WHAT IS REQUIRED: Your copy of the entries must be exact, and it must not include the pictures.

DATASET RECORDS:

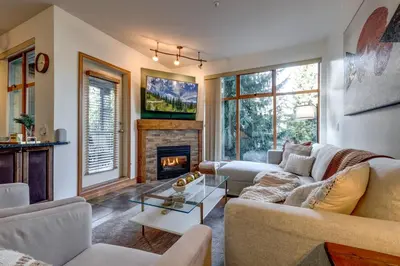 a living room with a couch and a fireplace at Central 2BR with Prime Amenities in Whistler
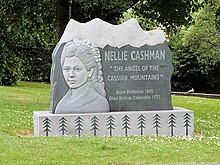 stone monument with an engraving of a woman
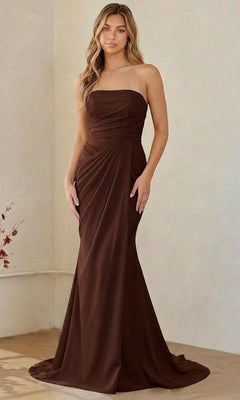 A woman in a brown Long Formal Dress: Amelia Couture 6149 with strapless, draped detailing stands indoors against a plain background.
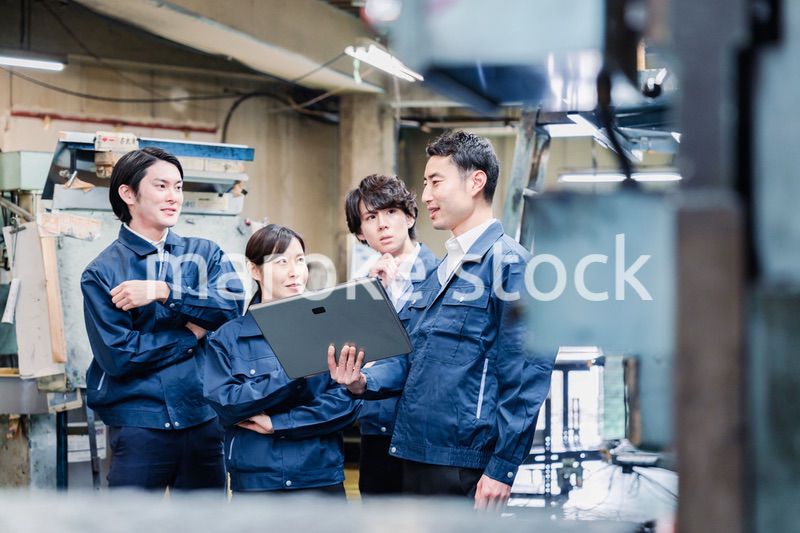タブレット端末を見ながら会議をする工場スタッフ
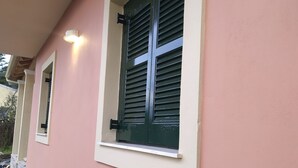 Ein Gebäude mit rosafarbenem Anstrich, einem Fenster mit grünen Rollläden und einem Blumentopf daneben.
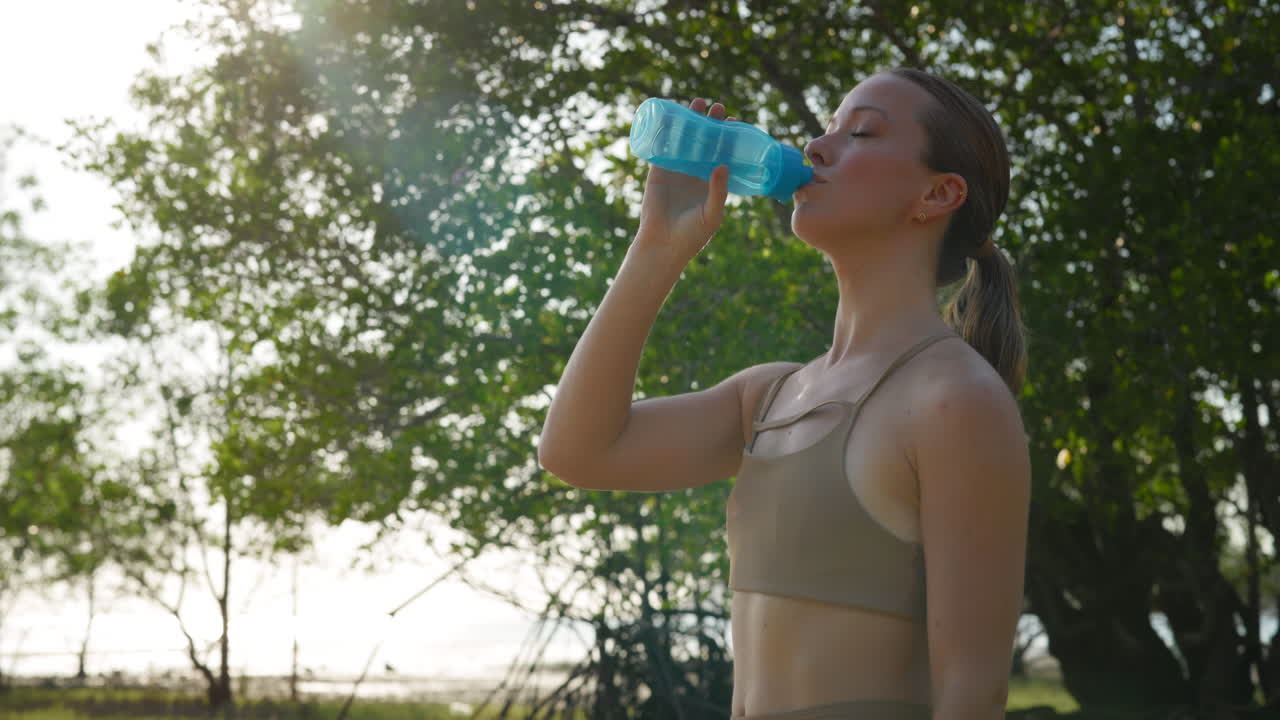 Giovane donna che beve acqua dalla bottiglia all'aperto sotto il sole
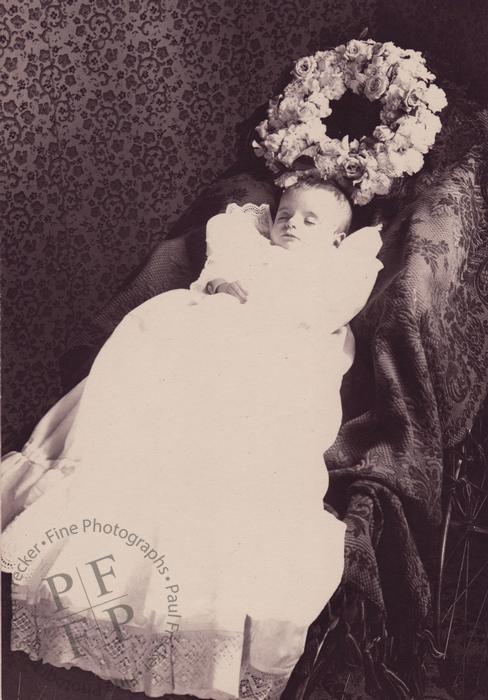 Baby with a wreath of flowers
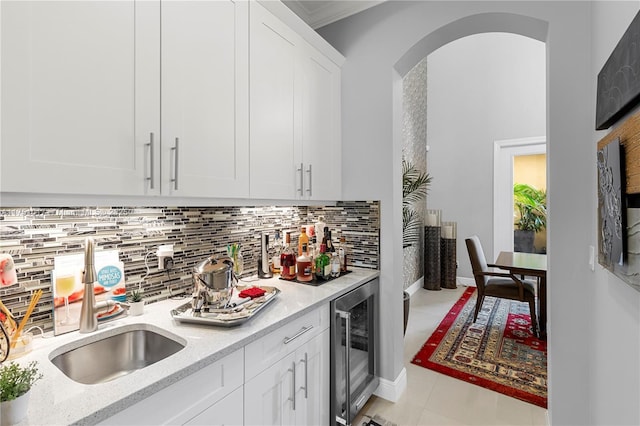 kitchen with wine cooler, arched walkways, tasteful backsplash, and a sink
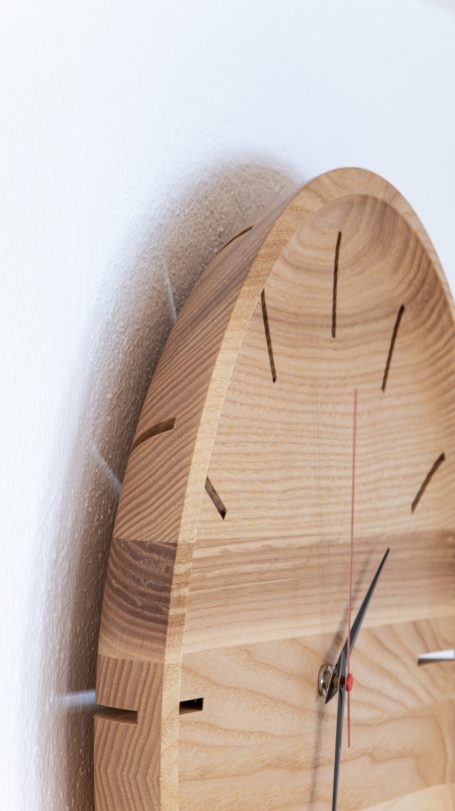 Holzuhr mit geschwungener Form und minimalistischen Stundenmarkierungen.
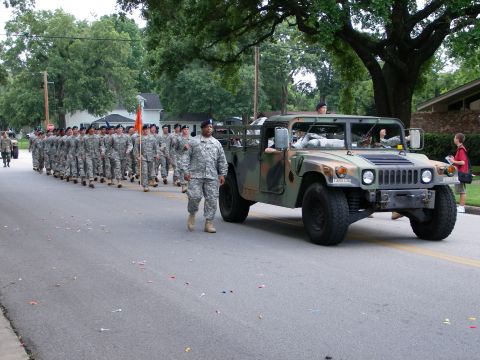 2000 Ford Crown Victoria - A military Humvee drives alongside soldiers marching in formation during a parade.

SOLUTION TO THE EXERCISE:
 a living room with a couch and a fireplace at Central 2BR with Prime Amenities in Whistler
 stone monument with an engraving of a woman
 A woman in a brown Long Formal Dress: Amelia Couture 6149 with strapless, draped detailing stands indoors against a plain background.
タブレット端末を見ながら会議をする工場スタッフ
 Ein Gebäude mit rosafarbenem Anstrich, einem Fenster mit grünen Rollläden und einem Blumentopf daneben.
 Giovane donna che beve acqua dalla bottiglia all'aperto sotto il sole
 Baby with a wreath of flowers
 kitchen with wine cooler, arched walkways, tasteful backsplash, and a sink
 Holzuhr mit geschwungener Form und minimalistischen Stundenmarkierungen.
 2000 Ford Crown Victoria - A military Humvee drives alongside soldiers marching in formation during a parade.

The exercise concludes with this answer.